Corría el año 1980. Yo estaba en COU. Y hasta ese momento la programación televisiva de las tardes se interrumpía entre las cinco y las siete. Hasta que llegó un nuevo formato que, solamente los viernes, obraría el milagro de unir la programación de sobremesa con la vespertina sin despedida y cierre ni carta de ajuste de por medio. Aquel programa ómnibus titulado Cosas era un cajón de sastre que se emitía, siempre en riguroso directo, de 4 a 7 de la tarde. Con la particularidad de que lo hacía simultáneamente desde Madrid y Barcelona. Con Joaquín Prat y Mónica Randall de anfitriones.

Bastaba ver la actitud y el tono de ambos en la presentación del sumario (algo que a mí me entusiasmaba: el anuncio del minuto a minuto con lo que nos depararía la tarde) para evidenciar las notables diferencias entre los dos comunicadores. Prat era campechano y destilaba cierta liviandad. Con esa mezcla entre la chulería madrileña y el alma festera popular de lo valenciano.

La Randall era, ante todo, una señora. Hiciese lo que hiciese. Como actriz en los dramáticos de TVE, en los que debutó en 1965. Como fetiche en series como Mónica de medianoche o como presentadora que enaltecía cualquier producción en la que se implicara. Estando incluso por encima de buena parte del cine en el que colaboró.

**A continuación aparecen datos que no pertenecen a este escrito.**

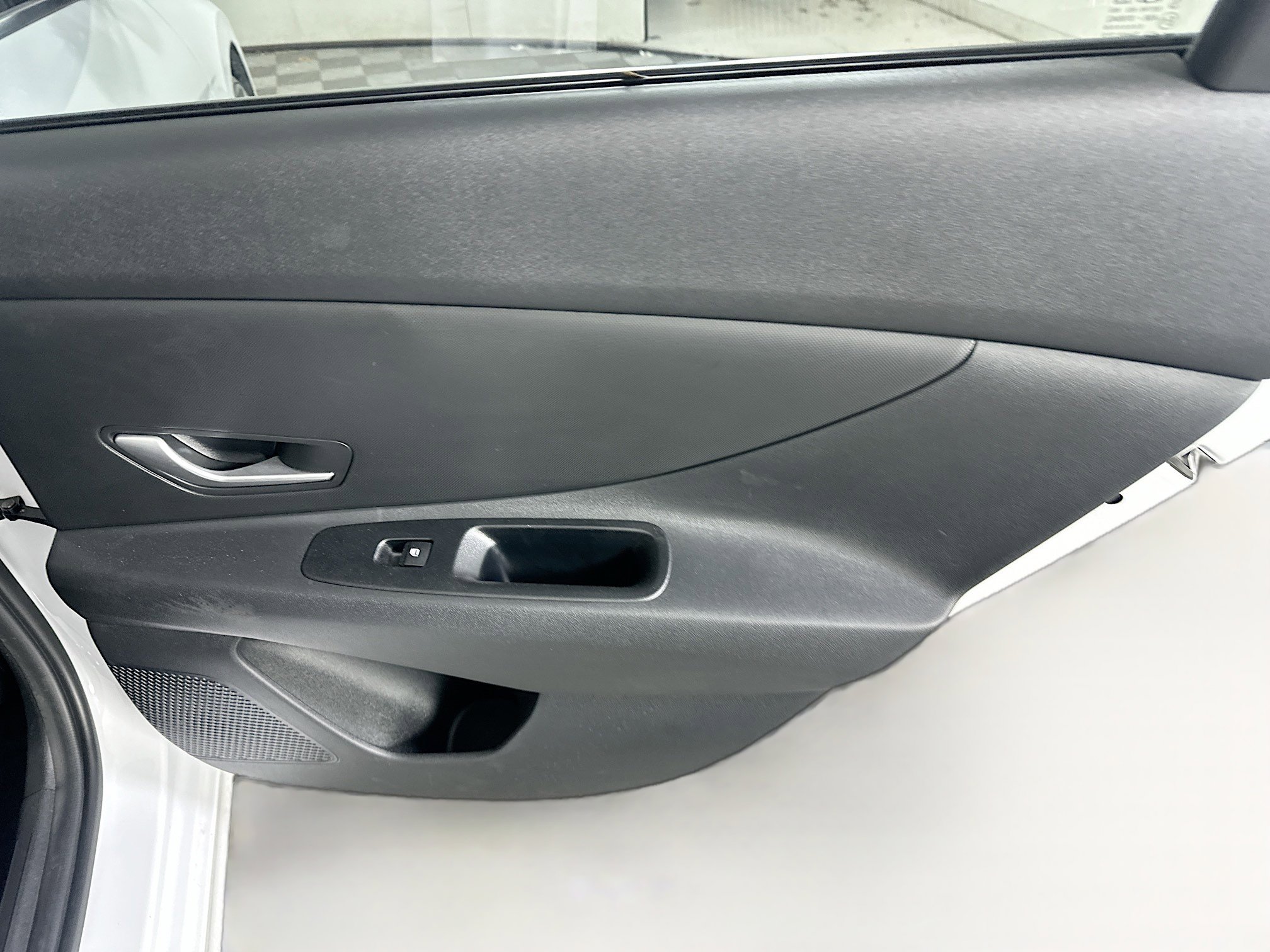 Used 2025 Hyundai Elantra Blue image 28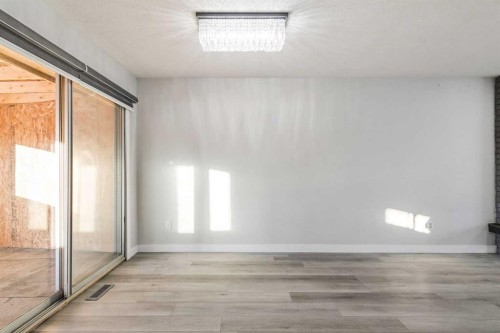 255 Rundleridge Drive Ne, Calgary, AB - Indoor Photo Showing Other Room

Confieso que tengo mitificados los bona tarda que profería Mónica Randall al inicio de cada entrega de Cosas. Yo tenía 17 años, desconocía casi todo, pero por la cuenta la vieja y mera intuición empecé a comprender cuán distinta y distinguida era Cataluña. Cuánta distancia había desde Madrid, y sobre todo desde mi Valencia, hasta Barcelona. De hecho, 38 años después confieso que el complejo de inferioridad ante la cultura barcelonesa, su cine, su Filmoteca, sus artes escénicas, su televisión, todavía me persigue. Viendo a la Randall en Málaga, tan radiante y tan señora, temo que mi dichoso complejo todavía se afiance más.